年末恒例、新宿ピットインで行われる大友良英さんの4DAYS公演。2013年以降、最終日を飾るのは「あまちゃんビッグバンド」そして名前を変えて続く「大友良英スペシャルビッグバンド」。

「2013年は色々あってチケットが物凄く売れたんです。だけど最近はだんだん売れなくなってきて。」なんて自虐的なコメントで冒頭から観客を笑わせた大友さんだけれど、この日の公演は超満員。数年にわたって「楽曲の解体と再構築」を繰り返すバンドの充実ぶりに「あまちゃんブーム」の頃とは全く異なる音楽ファンが根づいていることが伺える。

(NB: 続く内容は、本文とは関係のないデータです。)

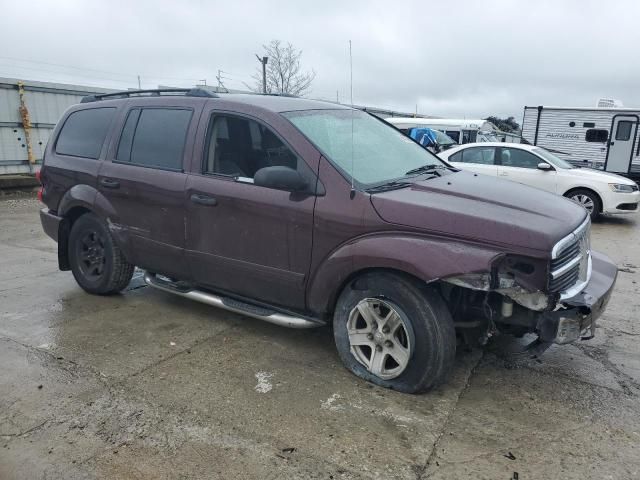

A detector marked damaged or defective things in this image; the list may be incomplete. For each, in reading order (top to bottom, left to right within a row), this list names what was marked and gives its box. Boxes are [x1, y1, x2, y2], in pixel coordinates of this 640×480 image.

damaged dodge durango [37, 89, 616, 394]
crumpled hood [370, 171, 584, 253]
cracked bumper [536, 251, 616, 344] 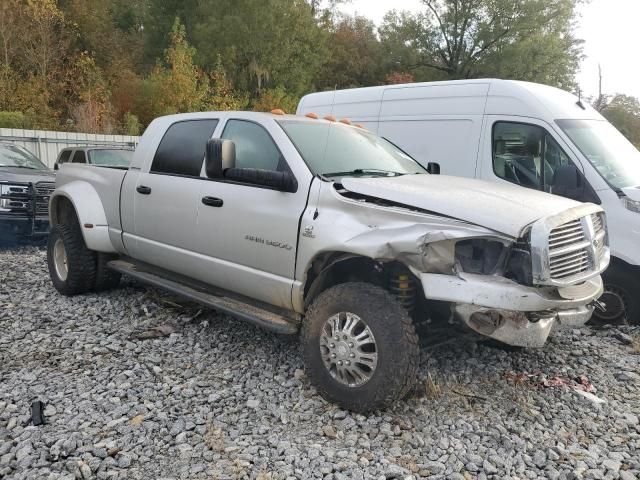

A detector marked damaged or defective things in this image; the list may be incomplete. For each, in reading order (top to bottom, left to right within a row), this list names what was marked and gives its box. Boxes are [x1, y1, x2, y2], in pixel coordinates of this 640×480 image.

ピットインのステージエリアに所狭しと並べられた楽器、そしてメンバーのための小さな椅子。メンバーの入場が終わると、「えー」という口癖をSachikoさんや観客に突っ込まれながらの大友さんによるメンバー紹介。とても和やかな雰囲気。続いて大友さんから今回の趣旨説明。事前に全くセットリストを決めず、その場でいきなり譜面を配り、(劇伴の録音のように)その譜面を見ながらその場でアレンジの大枠を決め、メンバーはほぼ初見の譜面とそのアレンジに沿った形でアドリブを入れながら演奏する、と。「イントロはCM7ブワーッと始まる」「基本ユニゾンだけどカウンターライン行っても良い」「(2)になったらアドリブ、その後ダルセーニョ…」みたいな感じ。大枠だけ決めてチューニング、そして1曲目へ。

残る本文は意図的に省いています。